Keypoints:
- Africa has tens of gigawatts of green hydrogen projects planned
- Weak offtake and high capital costs are delaying delivery
- Industry urges smaller, phased projects over megaprojects
AFRICA’S push to position itself as a global green hydrogen powerhouse is colliding with commercial reality, with most projects stuck in early development despite eye-catching capacity targets, according to new analysis by the Energy Industries Council.
From North Africa to the southern Atlantic coast, governments have unveiled ambitious green hydrogen strategies backed by vast solar and wind resources. But while project announcements continue to multiply, actual production remains minimal, exposing a widening gap between ambition and execution.
A new report by the UK-based Energy Industries Council (EIC) shows that although Africa accounts for a multi-gigawatt pipeline of proposed green hydrogen projects, only a tiny fraction has reached operation. High capital costs, limited offtake agreements and missing infrastructure are preventing most projects from securing final investment decisions.

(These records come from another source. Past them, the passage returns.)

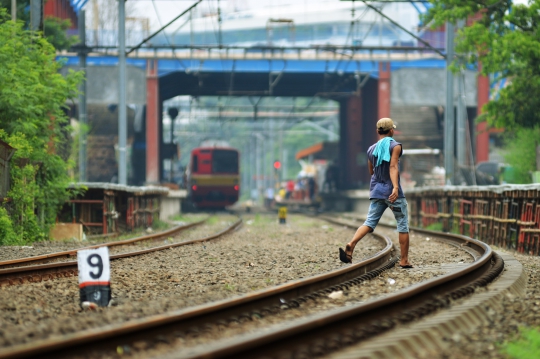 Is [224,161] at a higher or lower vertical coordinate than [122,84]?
lower

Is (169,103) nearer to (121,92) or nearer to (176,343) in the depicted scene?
(121,92)

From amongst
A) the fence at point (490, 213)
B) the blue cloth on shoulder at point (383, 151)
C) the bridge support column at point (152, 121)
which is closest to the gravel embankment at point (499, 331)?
the blue cloth on shoulder at point (383, 151)

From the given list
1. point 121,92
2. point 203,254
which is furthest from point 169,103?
point 203,254

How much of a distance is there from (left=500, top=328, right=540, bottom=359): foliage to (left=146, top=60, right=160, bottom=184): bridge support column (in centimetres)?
3456

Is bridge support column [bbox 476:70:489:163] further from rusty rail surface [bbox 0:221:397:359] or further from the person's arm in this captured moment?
rusty rail surface [bbox 0:221:397:359]

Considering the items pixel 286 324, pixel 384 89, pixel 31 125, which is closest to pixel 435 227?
pixel 31 125

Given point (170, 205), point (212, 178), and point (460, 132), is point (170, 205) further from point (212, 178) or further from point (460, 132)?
point (460, 132)

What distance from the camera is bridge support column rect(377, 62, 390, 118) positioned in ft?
128

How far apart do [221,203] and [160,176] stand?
3678 millimetres

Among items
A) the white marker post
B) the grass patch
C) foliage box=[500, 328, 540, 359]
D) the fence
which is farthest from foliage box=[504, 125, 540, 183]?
foliage box=[500, 328, 540, 359]

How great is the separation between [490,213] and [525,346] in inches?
472

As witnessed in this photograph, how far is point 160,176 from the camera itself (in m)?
41.7

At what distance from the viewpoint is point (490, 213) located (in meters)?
16.7

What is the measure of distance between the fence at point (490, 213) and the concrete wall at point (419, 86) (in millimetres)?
15377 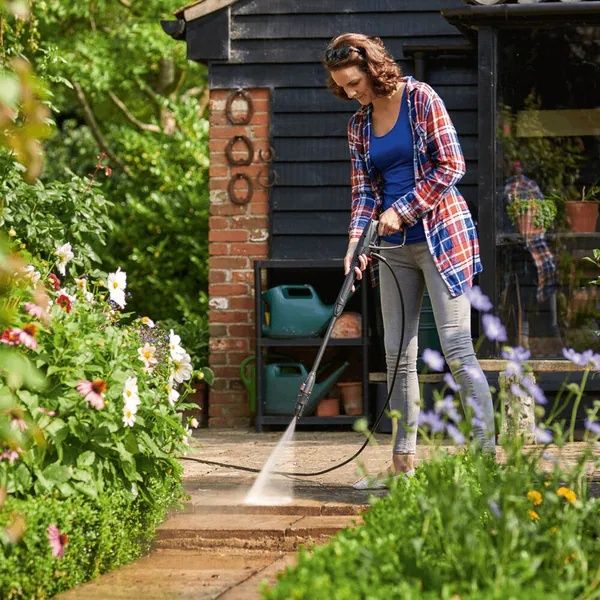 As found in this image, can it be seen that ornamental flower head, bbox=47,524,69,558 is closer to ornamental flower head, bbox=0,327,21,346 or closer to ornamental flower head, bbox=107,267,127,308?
ornamental flower head, bbox=0,327,21,346

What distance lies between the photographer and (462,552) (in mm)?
2848

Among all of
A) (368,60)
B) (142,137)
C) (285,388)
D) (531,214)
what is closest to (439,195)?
(368,60)

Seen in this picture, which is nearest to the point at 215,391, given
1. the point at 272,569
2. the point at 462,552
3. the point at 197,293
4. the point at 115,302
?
the point at 197,293

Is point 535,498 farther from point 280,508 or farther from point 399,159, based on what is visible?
point 399,159

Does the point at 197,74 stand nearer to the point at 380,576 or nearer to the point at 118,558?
the point at 118,558

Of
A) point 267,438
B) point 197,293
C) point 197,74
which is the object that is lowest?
point 267,438

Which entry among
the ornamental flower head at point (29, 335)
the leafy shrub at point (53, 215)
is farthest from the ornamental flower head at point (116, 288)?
the leafy shrub at point (53, 215)

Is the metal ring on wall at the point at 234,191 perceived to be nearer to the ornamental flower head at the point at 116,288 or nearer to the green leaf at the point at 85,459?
the ornamental flower head at the point at 116,288

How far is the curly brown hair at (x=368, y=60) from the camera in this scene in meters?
4.80

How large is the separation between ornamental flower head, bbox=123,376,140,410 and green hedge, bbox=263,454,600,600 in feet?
2.71

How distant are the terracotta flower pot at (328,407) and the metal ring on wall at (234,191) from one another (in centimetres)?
134

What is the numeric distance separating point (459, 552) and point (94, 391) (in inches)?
49.9

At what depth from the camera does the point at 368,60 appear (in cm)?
480

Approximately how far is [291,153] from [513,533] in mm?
5772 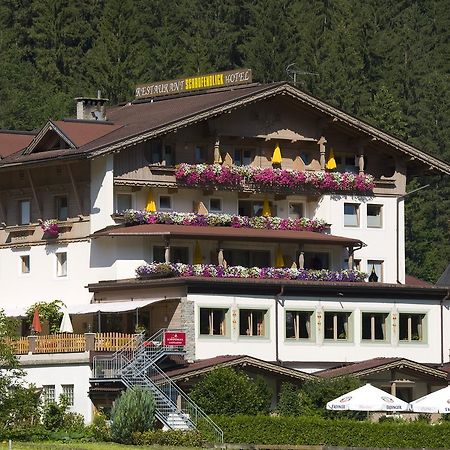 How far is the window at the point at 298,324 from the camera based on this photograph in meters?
88.6

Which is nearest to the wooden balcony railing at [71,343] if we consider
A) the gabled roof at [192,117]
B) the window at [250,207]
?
the gabled roof at [192,117]

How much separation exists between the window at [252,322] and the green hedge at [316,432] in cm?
943

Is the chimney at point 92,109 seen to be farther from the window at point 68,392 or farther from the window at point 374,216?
the window at point 68,392

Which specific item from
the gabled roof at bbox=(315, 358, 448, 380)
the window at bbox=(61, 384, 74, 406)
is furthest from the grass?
the gabled roof at bbox=(315, 358, 448, 380)

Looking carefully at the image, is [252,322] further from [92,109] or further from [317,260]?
[92,109]

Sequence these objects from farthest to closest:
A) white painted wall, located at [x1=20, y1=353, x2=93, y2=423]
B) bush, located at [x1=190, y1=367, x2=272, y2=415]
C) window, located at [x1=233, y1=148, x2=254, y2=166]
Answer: window, located at [x1=233, y1=148, x2=254, y2=166]
white painted wall, located at [x1=20, y1=353, x2=93, y2=423]
bush, located at [x1=190, y1=367, x2=272, y2=415]

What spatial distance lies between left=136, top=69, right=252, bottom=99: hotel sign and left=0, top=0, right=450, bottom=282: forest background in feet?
129

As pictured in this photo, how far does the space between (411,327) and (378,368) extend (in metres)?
5.32

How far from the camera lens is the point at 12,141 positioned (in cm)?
9806

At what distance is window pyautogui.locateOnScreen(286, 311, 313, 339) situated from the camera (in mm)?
88562

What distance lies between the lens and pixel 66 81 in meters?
156

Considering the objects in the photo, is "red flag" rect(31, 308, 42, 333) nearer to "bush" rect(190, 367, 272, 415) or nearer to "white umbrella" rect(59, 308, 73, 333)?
"white umbrella" rect(59, 308, 73, 333)

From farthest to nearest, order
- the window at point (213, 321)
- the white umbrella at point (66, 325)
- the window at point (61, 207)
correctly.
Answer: the window at point (61, 207)
the white umbrella at point (66, 325)
the window at point (213, 321)

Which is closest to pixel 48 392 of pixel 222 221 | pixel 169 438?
pixel 169 438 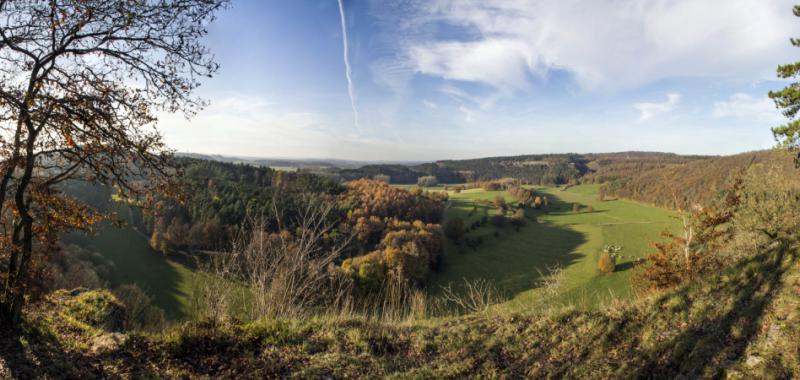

Ambition outpaces delivery
The EIC estimates that Africa’s proposed green hydrogen projects amount to roughly 38 gigawatts of planned capacity, representing close to $200bn in potential investment. Egypt, Morocco, Namibia and South Africa dominate the pipeline, positioning themselves as future exporters of green hydrogen and its derivatives to Europe and Asia.
Yet operational capacity tells a very different story. Only two small projects in Namibia are currently producing green hydrogen, with combined output of just 17 megawatts. The rest of the continent’s pipeline remains largely theoretical, sitting at feasibility or pre-investment stages.
According to the EIC, this imbalance reflects an industry-wide tendency to prioritise scale over deliverability.
Offtake uncertainty holds projects back
The report identifies the absence of firm offtake agreements as the single most significant constraint on project progress. Without long-term contracts guaranteeing buyers for green hydrogen or ammonia, developers struggle to secure financing in a still-nascent global market.
While Europe, Japan and South Korea are frequently cited as destination markets, binding import commitments remain limited. As a result, many African projects are exposed to demand risk, making lenders cautious about backing developments that already face political, regulatory and currency challenges.
Infrastructure and cost pressures
Green hydrogen projects require more than renewable electricity and electrolysers. Large-scale developments also depend on desalination plants, transmission networks, ports, storage facilities and export terminals.
In much of Africa, this supporting infrastructure is either underdeveloped or entirely absent. Building it adds billions of dollars to project costs and extends timelines, particularly in countries with weak grids or limited industrial capacity.
The lack of local electrolyser manufacturing further compounds the problem, increasing reliance on imported equipment and exposing projects to supply-chain and foreign-exchange risks.
Rethinking the megaproject model
The EIC argues that Africa’s hydrogen strategy needs a more pragmatic approach. Rather than focusing almost exclusively on gigawatt-scale export projects, the report urges developers and governments to prioritise smaller, phased developments with nearer-term revenue potential.
Serving domestic and regional markets first could help build local skills, supply chains and investor confidence, creating a more credible pathway to scale.
Long-term promise remains
Despite the current slowdown, the EIC stresses that Africa’s long-term green hydrogen fundamentals remain intact. Falling renewable energy costs, stronger policy frameworks and growing global demand for low-carbon fuels could yet unlock the sector.
For now, however, Africa’s green hydrogen story is one of momentum slowed by market realities — a reminder that clean-energy leadership depends not only on natural advantage, but on contracts, capital and credible delivery.